The information helped the city of Toledo avoid even bigger problems. “We flew over an area that showed algae around the water intake,” Tokars says. “They weren’t aware of it, so they went out to the intake and did a measurement and confirmed the presence of microcystins.”
Since Toledo’s water crisis, local, state, and even the federal government have all taken steps to help prevent it happening again: farm fertilization regulations, nationwide guidelines on safe microcystin levels, and nearly $200 million in funding. Meanwhile, NASA continues to run its manned imaging flights over western Lake Erie and is getting ready to add the UAV program to its toolbox.

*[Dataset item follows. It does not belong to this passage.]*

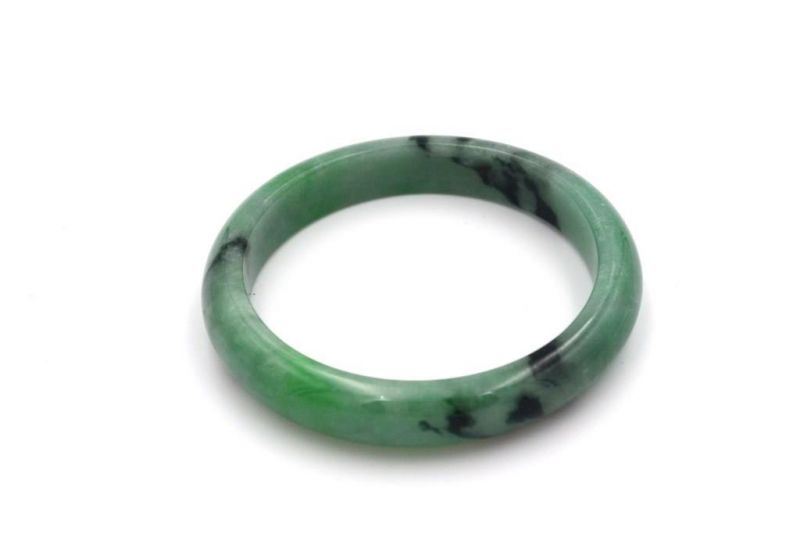 Jade Bracelet - Bangle Class A 5 8cm - Green spotted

NASA and the Glenn Research Center will continue to be known primarily for their work in outer space—NASA-Glenn’s involvement in the International Space Station and the mission to Mars continue to be its most attention-getting achievements—but its presence in our community, sometimes the less headline-grabbing information, is what you need to know about the most. Ask Toledo.
Making It To Mars
The U.S. Space Program’s Road to the Red Planet Runs Through Cleveland
Senior Research Engineer Diane Linne is researching how to turn Mars’ dirt into oxygen with an idea she had while rototilling her garden. Simulated Mars dirt is placed into a heating chamber and rototilled to expose it to the high temperatures and separate out the hydrogen. The hydrogen is filtered into a condenser where it can be turned into drinking water, fuel, and oxygen.

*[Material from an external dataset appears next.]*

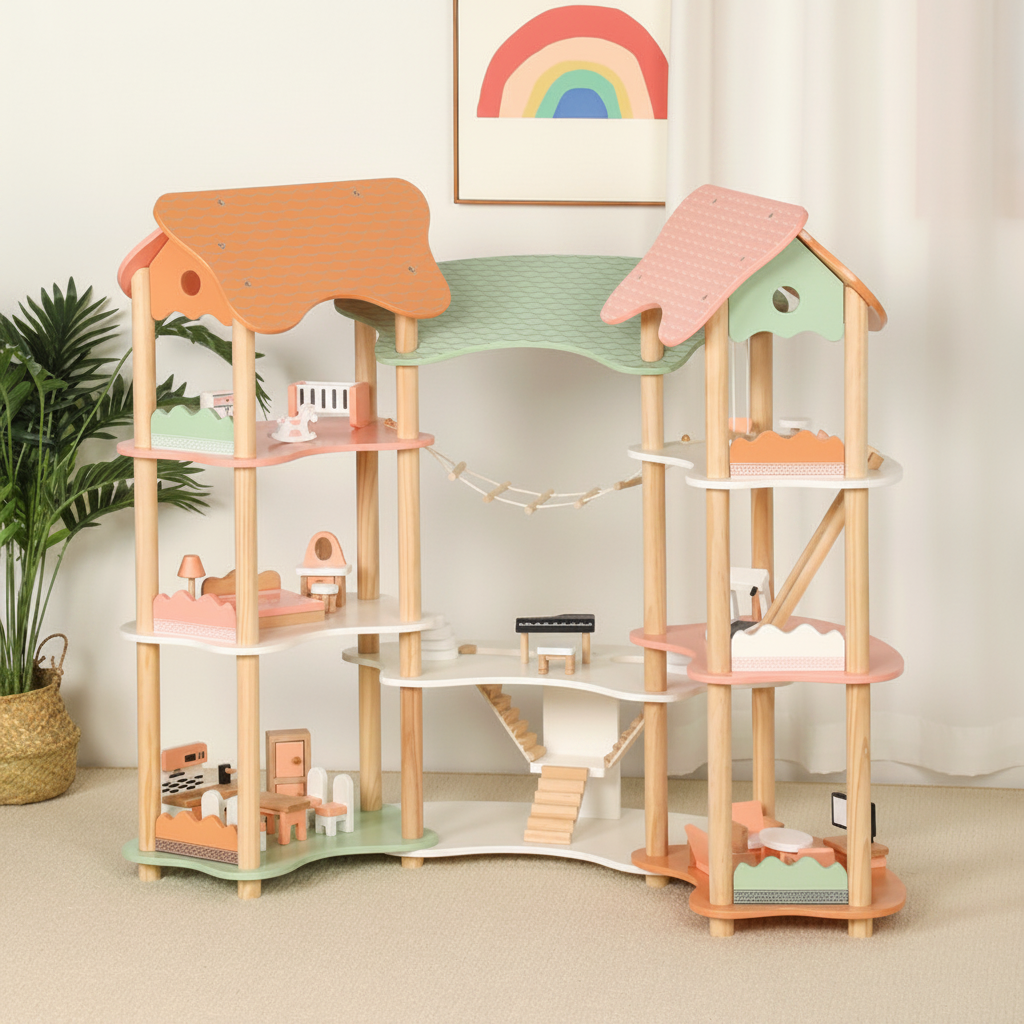 Mini Wooden Dollhouse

Linne explains: “To make oxygen and methane from the Mars atmosphere and water in the soil, we first need to excavate the soil and bake off the water that is chemically bound in the form of hydrated minerals. There are also signs of underground sheets of ice that we could tap into, but we are not yet certain how deep they are, and if they will be worth drilling down to in the areas where the people want to land. Once we have water, we will electrolyze it into oxygen and hydrogen, chill and store the oxygen in the propellant tanks, and send the hydrogen and the Mars atmospheric carbon dioxide to a Sabatier reactor where catalysts and proper thermal management will result in methane and water. We will chill and store the methane, electrolyze the water, store that oxygen, and send that hydrogen back to the Sabatier reactor until we have all of the oxygen and methane that we need. Once the ascent vehicle is fully fueled, we can continue harvesting water for life support, or even to fill up a ‘water-wall’ surrounding the habitat as water is an excellent source of radiation protection.”